Con respecto a los debates sobre los sentimientos identitarios actuales debe señalarse un preocupante fenómeno. Hoy en Cataluña se percibe claramente una notable pluralidad de opiniones y de proyectos, tanto sobre el propio concepto de país como sobre su relación con España, en todas las fuerzas políticas, en la propia coalición gobernante de la Generalitat e incluso en el interior de la mayoría de los partidos. En cambio, no aprecio una pluralidad similar sobre las ideas identitarias y los proyectos sobre España entre los líderes de las formaciones políticas y los comentaristas españoles. Me preocupa especialmente el escaso esfuerzo que realizan las gentes de izquierdas de Madrid por construir un discurso sobre España, sus identidades y su futuro político que sea realmente diferente del de las derechas ¿Por qué será que ahí hay menos diversidad ideológica? Y ¿no es realmente paradójico que hoy en Barcelona se reflexione más sobre el futuro del Estado de las autonomías que en Madrid?

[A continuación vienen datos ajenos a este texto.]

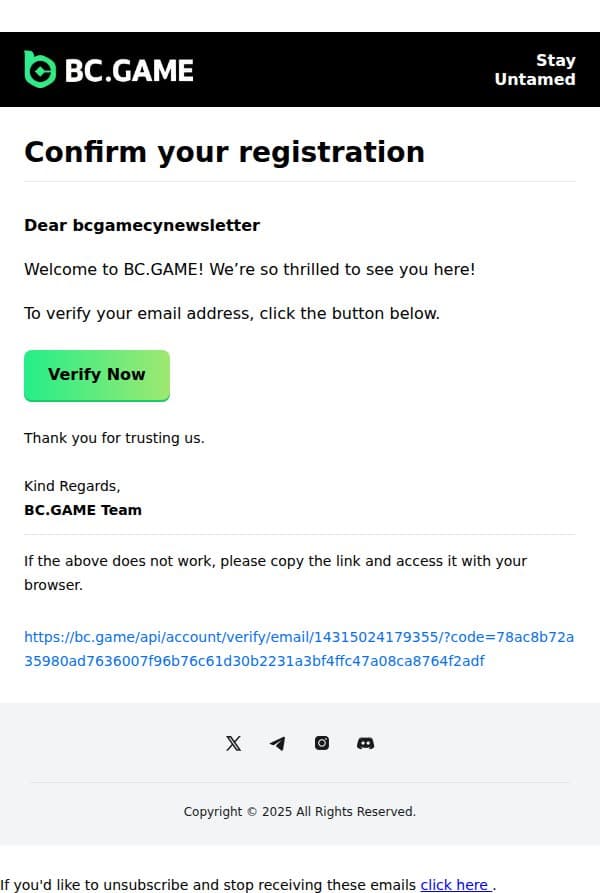 Confirm your registration email from BC.Game screenshot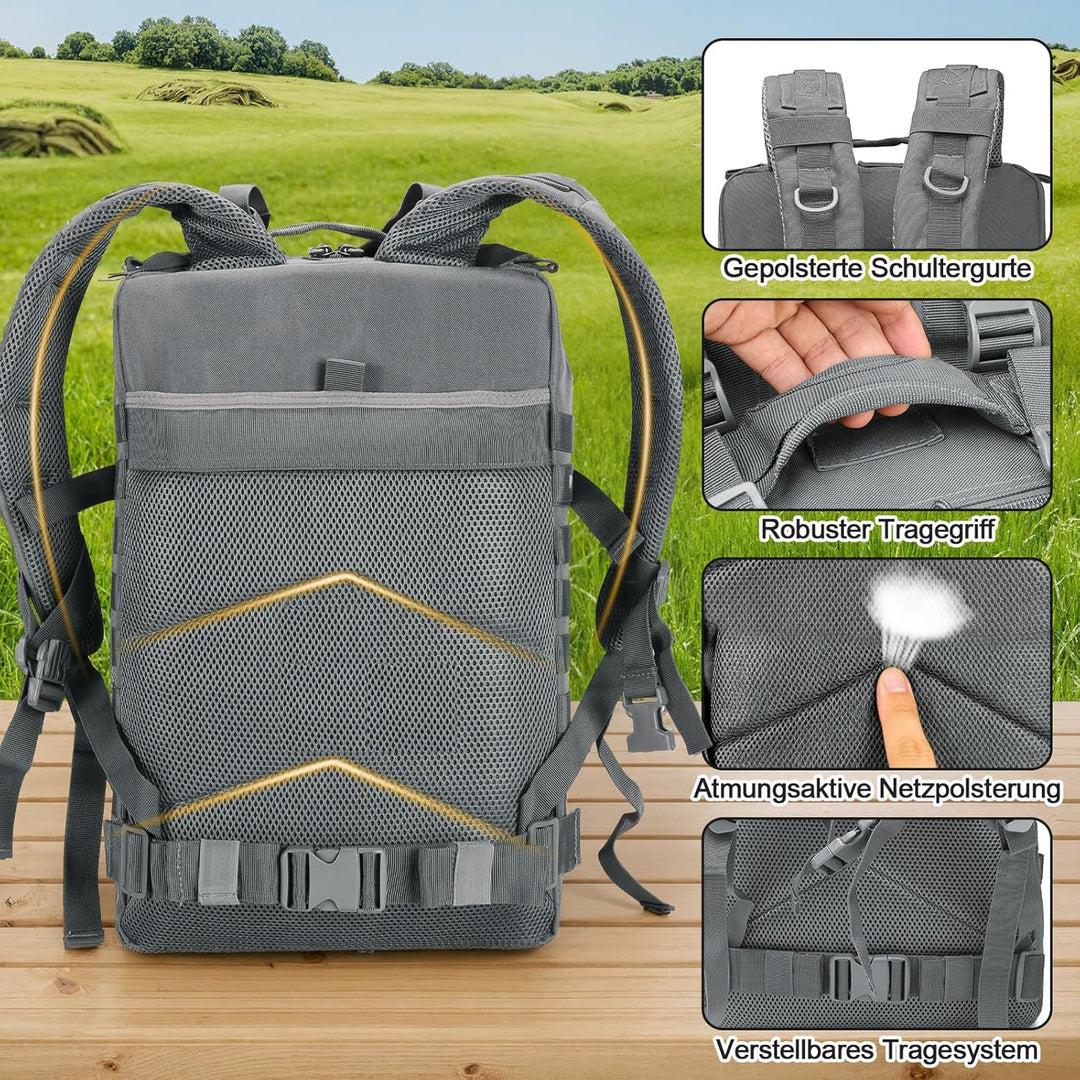 SHANNA Trekkingrucksack, Wanderrucksäcke Militärrucksack 45L Armee Rucksack MOLLE Assault Pack Takti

Hay que decirlo claramente: los progresistas españoles no han sabido, o no han querido, vertebrar y asumir intelectualmente el hecho de que en España haya amplios colectivos que consideran que su nación es Euskadi, Cataluña o Galicia. Han preferido mirar hacia otro lado, o considerarlo una desgracia, o incluso negar esa realidad. Algunos incluso se han enfrascado en sacralizar el pasado y participan en la absurda carrera esencialista de buscar el «nacimiento» de la nación española lo más lejos posible y por divulgar una idea de identidad nacional inmutable y superior. O participan en absurdas elucubraciones sobre si la Constitución de 1812 procede de la nación española, o al revés, que casi recuerda aquello del huevo o la gallina. Y están cometiendo el mismo error que sus predecesores del siglo XX, una centuria, reconozcámoslo, en la que hubo un exceso de esencialismos y desencuentros. Como escribió Javier Tusell, entonces en España «se elaboraron unas percepciones del otro construidas en paralelo, pero al mismo tiempo excluyentes». Y a eso contribuyeron por igual, es justo decirlo, todos los nacionalistas, los catalanes, los vascos, los gallegos y los españoles, incluso los que no se reconocen como tales nacionalistas, que eran y son muchos.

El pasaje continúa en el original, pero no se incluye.